Я находился под таким впечатлением от всего этого, что перед отъездом забронировал комнату для следующего своего визита, причем опять на целых две недели. Очень скоро такие погружения в Нигде стали величайшей роскошью из доступных мне. Я не мог бы остаться в монастыре навсегда: я совершенно не приспособлен к оседлой жизни, я абсолютно не умею “пускать корни”, а кроме того – не принадлежу ни к какой церкви. Но мне нравилось, что эти прозрачные дни, проведенные в полной тишине, придают всем остальным моим занятиям особую свежесть, ценность и воодушевление. Как будто тихонько выскользнул из собственной жизни, поднялся на холм – а с вершины открываются такие дали, что сразу видно, куда идти и как туда попасть.
Это была чистая радость: я целыми днями читал, не выходя из своей комнаты, вчитываясь в каждое слово каждой книги так, словно все их написал я сам. Люди, с которыми я познакомился в монастыре (среди них были банкиры, учителя, агенты по продаже недвижимости), приехали сюда приблизительно по тем же причинам, что и я, и потому они казались мне гораздо более близкими, чем случайные попутчики, которых мне приходилось встречать в Венеции или Сан-Франциско. На обратном пути, спускаясь в город к повседневным делам, я чувствовал себя более свободным: мне теперь не нужно было относиться к своим мыслям, амбициям, вообще к самому себе столь серьезно.
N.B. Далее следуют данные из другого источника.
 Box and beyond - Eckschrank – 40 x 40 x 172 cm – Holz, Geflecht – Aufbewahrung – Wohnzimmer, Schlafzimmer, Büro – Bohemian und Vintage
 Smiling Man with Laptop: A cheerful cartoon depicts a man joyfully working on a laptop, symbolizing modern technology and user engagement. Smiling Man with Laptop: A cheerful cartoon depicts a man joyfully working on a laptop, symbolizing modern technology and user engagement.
Этот вкус тишины был абсолютно новым для меня переживанием, совершенно непохожим на что-либо испытанное мною прежде (не считая тех моментов, когда я был увлечен своей возлюбленной, зачарован “Днями жатвы” Теренса Малика или каким-нибудь спектаклем Питера Брука). И я решил, что это переживание должно стать смыслом, центром моей жизни. В тот год, когда я открыл для себя преображающую силу покоя, я окончательно перебрался в японское Нигде – крошечную, словно кукольный домик, квартирку, и у нас с женой нет в Киото ни машины, ни велосипеда, ни отдельной спальни, ни телевизора с хотя бы одной программой, которую я в состоянии понять. Мне по-прежнему приходится содержать семью и не терять связи с миром, поскольку я зарабатываю на жизнь писательством и журналистикой, но освобождение от суеты и ненужных сложностей означает, что каждое утро я смотрю на новый день как на бескрайний луг, на котором ничто не мешает моему взгляду, и он свободно скользит вдаль, к горам, синеющим на горизонте.
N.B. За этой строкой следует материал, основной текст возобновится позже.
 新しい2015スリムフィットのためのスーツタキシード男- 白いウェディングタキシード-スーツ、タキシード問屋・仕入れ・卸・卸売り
Конечно, не всякий придет от такого в восторг; возможно, вам понадобится перепробовать довольно много разных вариантов, чтобы уловить суть покоя, неподвижности, неделания. Но теперь, когда друзья спрашивают у меня совета, где бы им провести отпуск, я иногда предлагаю им попробовать Нигде, особенно если им неохота возиться с визами и прививками и стоять в длинных очередях в аэропорту. Одна из прелестей Нигде состоит в том, что, когда вы двигаетесь в его направлении, вы не знаете, где окажетесь и что увидите на этом пути. Более сокровенная благодать неделания (как показал мне замерший в неподвижности Леонард Коэн) состоит в том, что покой может широко раскрыть ваши глаза, окрылить вас и заставить ваше сердце биться сильнее – точь-в-точь как это делает с нами влюбленность.